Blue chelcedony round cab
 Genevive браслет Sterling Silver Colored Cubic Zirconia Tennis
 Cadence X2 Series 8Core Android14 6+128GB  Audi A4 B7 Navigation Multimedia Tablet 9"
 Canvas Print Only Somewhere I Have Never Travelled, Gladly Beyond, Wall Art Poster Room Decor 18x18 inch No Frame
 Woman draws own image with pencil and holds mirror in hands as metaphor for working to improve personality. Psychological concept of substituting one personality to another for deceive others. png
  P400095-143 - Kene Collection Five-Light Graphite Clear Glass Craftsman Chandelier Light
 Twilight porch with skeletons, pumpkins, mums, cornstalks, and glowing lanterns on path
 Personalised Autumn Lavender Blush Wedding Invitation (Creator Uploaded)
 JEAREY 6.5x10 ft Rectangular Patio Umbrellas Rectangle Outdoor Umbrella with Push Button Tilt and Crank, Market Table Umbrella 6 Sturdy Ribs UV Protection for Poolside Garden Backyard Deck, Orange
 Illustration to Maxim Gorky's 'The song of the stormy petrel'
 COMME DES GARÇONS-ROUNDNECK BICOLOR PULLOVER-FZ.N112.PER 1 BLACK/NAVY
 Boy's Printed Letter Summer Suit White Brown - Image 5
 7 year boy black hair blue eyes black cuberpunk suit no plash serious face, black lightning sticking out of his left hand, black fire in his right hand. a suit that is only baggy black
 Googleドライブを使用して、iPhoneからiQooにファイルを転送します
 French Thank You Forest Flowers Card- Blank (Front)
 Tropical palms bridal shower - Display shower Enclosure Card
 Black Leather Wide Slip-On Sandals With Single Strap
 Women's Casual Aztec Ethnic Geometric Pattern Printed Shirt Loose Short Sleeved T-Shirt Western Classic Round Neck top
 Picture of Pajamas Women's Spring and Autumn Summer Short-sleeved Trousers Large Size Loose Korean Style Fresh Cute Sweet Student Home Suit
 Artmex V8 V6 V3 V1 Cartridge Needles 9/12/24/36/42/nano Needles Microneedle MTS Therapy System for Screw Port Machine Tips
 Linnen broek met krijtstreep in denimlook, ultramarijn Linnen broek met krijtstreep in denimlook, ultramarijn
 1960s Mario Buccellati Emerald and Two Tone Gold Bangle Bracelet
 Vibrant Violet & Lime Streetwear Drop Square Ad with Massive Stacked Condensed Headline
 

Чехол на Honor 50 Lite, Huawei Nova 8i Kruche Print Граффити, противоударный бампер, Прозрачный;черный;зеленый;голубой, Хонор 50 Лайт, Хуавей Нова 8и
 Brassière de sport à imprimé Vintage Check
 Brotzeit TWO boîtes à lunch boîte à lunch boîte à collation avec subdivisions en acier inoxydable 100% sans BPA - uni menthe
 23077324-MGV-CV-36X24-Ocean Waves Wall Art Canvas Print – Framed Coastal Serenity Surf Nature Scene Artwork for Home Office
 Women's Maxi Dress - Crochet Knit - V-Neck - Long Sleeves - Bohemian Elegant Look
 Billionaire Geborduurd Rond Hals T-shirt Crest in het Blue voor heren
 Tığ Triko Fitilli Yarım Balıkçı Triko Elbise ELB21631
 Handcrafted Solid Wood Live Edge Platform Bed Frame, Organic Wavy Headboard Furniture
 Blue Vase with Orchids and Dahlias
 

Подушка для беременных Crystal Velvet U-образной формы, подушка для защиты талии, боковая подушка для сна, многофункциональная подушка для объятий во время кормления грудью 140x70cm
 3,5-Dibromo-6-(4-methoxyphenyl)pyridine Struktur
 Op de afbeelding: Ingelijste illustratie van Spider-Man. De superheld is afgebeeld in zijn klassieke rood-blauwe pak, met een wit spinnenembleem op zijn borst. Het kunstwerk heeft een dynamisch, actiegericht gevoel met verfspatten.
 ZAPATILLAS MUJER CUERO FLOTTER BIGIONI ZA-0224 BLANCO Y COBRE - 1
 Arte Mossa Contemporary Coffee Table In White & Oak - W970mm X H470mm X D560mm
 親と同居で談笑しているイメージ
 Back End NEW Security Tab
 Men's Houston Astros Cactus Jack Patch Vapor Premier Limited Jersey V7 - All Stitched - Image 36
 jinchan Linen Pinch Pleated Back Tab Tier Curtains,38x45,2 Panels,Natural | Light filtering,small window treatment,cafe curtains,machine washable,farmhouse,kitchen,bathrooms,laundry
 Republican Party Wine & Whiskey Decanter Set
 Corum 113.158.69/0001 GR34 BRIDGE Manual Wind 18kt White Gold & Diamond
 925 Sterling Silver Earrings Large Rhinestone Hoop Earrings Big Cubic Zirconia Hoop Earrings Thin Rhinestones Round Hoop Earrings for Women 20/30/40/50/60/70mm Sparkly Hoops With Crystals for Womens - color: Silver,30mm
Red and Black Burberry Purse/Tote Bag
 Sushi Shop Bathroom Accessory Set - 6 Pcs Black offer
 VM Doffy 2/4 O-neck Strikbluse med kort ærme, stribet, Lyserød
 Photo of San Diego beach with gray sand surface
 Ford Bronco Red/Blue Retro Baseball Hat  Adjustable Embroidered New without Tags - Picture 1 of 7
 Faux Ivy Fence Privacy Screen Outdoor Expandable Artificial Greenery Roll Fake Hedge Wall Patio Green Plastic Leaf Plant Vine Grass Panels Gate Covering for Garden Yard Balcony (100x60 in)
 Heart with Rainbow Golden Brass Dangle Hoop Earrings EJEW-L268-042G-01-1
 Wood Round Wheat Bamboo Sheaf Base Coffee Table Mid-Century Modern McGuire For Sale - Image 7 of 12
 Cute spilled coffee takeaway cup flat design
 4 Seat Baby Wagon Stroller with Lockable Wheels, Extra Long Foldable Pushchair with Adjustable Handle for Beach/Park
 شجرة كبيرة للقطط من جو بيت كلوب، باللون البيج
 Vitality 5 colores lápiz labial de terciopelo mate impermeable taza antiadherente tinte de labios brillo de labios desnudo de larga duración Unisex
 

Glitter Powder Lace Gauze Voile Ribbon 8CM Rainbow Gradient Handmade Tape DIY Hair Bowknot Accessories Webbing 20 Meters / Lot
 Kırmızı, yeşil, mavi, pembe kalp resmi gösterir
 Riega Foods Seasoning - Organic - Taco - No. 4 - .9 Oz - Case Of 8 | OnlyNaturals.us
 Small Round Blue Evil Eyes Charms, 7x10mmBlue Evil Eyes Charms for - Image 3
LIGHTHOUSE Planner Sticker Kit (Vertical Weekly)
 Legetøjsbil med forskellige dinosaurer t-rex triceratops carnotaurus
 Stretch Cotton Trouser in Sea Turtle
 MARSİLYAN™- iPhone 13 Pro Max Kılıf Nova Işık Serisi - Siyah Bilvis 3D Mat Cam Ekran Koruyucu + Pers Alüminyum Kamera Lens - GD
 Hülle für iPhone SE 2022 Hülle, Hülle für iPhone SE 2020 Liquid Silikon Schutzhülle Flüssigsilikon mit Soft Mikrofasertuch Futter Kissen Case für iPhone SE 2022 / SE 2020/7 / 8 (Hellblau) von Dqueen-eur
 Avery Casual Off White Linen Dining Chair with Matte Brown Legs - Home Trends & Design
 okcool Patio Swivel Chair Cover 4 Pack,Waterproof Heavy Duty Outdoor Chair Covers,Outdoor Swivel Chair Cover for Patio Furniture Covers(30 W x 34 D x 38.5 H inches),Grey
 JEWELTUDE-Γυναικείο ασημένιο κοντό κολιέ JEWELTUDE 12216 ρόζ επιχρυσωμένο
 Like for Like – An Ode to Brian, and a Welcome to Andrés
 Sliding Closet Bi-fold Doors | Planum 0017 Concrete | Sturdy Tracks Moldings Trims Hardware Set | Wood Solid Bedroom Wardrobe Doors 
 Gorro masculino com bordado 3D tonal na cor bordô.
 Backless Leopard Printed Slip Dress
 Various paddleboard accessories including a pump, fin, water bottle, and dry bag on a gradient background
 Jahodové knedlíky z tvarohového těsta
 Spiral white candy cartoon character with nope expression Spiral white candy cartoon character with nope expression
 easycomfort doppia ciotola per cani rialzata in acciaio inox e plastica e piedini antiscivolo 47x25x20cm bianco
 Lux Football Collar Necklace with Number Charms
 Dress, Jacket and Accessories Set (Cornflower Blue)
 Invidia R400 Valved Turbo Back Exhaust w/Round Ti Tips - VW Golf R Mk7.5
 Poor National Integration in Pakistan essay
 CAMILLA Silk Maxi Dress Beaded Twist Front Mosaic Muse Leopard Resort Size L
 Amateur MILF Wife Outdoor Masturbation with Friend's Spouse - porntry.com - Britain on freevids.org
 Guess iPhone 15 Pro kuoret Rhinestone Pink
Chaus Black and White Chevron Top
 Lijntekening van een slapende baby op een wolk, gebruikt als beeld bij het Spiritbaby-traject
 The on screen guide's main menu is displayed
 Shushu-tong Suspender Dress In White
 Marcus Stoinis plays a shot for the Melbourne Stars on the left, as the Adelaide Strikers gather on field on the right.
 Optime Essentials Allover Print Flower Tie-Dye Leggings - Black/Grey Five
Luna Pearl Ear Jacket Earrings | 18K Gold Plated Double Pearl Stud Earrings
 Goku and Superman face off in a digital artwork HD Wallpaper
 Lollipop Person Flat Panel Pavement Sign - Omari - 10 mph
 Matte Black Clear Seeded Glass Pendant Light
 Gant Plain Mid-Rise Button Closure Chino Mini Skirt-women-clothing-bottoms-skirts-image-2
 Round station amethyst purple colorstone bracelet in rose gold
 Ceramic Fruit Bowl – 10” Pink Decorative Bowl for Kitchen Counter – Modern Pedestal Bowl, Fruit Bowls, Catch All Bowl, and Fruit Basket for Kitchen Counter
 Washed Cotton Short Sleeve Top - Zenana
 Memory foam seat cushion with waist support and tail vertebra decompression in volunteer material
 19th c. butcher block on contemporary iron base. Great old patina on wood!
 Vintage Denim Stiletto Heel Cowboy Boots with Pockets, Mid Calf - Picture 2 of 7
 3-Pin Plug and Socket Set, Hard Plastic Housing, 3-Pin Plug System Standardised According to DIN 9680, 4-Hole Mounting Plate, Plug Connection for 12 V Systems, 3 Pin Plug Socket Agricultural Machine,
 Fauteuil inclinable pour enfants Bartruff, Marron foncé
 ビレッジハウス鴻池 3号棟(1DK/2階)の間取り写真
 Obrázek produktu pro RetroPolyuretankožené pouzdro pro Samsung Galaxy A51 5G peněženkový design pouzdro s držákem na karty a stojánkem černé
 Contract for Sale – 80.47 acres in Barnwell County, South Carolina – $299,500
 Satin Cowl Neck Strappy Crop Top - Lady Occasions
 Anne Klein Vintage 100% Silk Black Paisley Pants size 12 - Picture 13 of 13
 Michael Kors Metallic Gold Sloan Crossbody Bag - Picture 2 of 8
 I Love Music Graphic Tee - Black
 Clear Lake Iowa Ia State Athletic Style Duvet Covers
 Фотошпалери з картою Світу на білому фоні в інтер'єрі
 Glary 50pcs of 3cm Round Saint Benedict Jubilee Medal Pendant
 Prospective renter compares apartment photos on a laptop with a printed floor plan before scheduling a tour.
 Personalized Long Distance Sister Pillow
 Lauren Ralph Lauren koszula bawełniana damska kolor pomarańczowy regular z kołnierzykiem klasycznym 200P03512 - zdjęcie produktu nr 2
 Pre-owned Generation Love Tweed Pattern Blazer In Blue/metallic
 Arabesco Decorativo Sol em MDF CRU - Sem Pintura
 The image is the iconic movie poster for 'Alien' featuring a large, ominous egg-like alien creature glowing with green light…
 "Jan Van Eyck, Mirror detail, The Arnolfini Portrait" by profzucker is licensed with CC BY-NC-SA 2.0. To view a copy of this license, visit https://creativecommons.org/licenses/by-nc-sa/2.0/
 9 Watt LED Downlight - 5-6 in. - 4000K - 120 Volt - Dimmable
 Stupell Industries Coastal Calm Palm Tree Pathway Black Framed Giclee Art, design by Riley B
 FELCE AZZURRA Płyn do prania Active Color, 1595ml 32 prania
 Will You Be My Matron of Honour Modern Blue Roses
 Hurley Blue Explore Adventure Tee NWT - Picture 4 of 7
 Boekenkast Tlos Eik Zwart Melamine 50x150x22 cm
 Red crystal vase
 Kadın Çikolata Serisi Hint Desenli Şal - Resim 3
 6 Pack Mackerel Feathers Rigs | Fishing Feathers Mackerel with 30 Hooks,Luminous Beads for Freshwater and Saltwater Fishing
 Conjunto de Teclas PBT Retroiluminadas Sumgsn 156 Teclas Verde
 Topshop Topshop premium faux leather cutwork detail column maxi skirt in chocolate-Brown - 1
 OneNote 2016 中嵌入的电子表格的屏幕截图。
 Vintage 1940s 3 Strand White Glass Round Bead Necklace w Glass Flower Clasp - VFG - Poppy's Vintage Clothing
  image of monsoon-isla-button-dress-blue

++++++

Work instruction –
Could you reproduce, exactly, every line above from the line with "Gorro masculino com" to the line with "easycomfort doppia ciotola", and no other line? Both ends count.

Solution to this task –
 Gorro masculino com bordado 3D tonal na cor bordô.
 Backless Leopard Printed Slip Dress
 Various paddleboard accessories including a pump, fin, water bottle, and dry bag on a gradient background
 Jahodové knedlíky z tvarohového těsta
 Spiral white candy cartoon character with nope expression Spiral white candy cartoon character with nope expression
 easycomfort doppia ciotola per cani rialzata in acciaio inox e plastica e piedini antiscivolo 47x25x20cm bianco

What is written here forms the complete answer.